◆ WHAT YOU HAVE TO DO ◆
Print the listing exactly as it stands. Skip every picture.

◆ DATA PROVIDED ◆
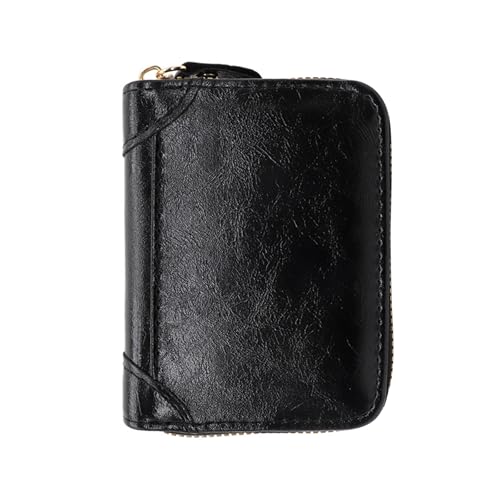 LJCZKA Kreditkartenetui für Damen Herren, Kleines Leder Reißverschluss Kartenetui Portmonee Geldbörse Akkordeon Geldbörse Wechseln Karten Portemonnaie (Schwarz) von LJCZKA
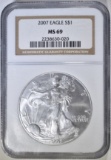 2007 AMERICAN SILVER EAGLE NGC MS-69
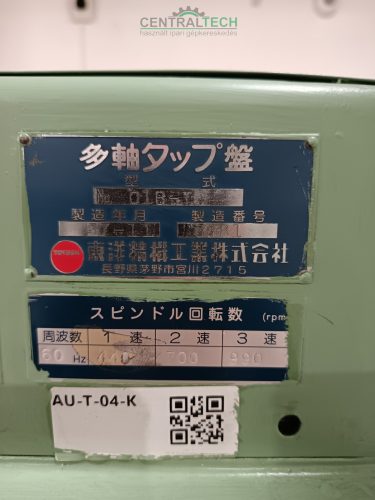 TOYOSK 01B-T fix orsókiosztású 12 többorsós menetfúró, fúrógép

◆ FINAL ANSWER ◆
 LJCZKA Kreditkartenetui für Damen Herren, Kleines Leder Reißverschluss Kartenetui Portmonee Geldbörse Akkordeon Geldbörse Wechseln Karten Portemonnaie (Schwarz) von LJCZKA
 2007 AMERICAN SILVER EAGLE NGC MS-69
 TOYOSK 01B-T fix orsókiosztású 12 többorsós menetfúró, fúrógép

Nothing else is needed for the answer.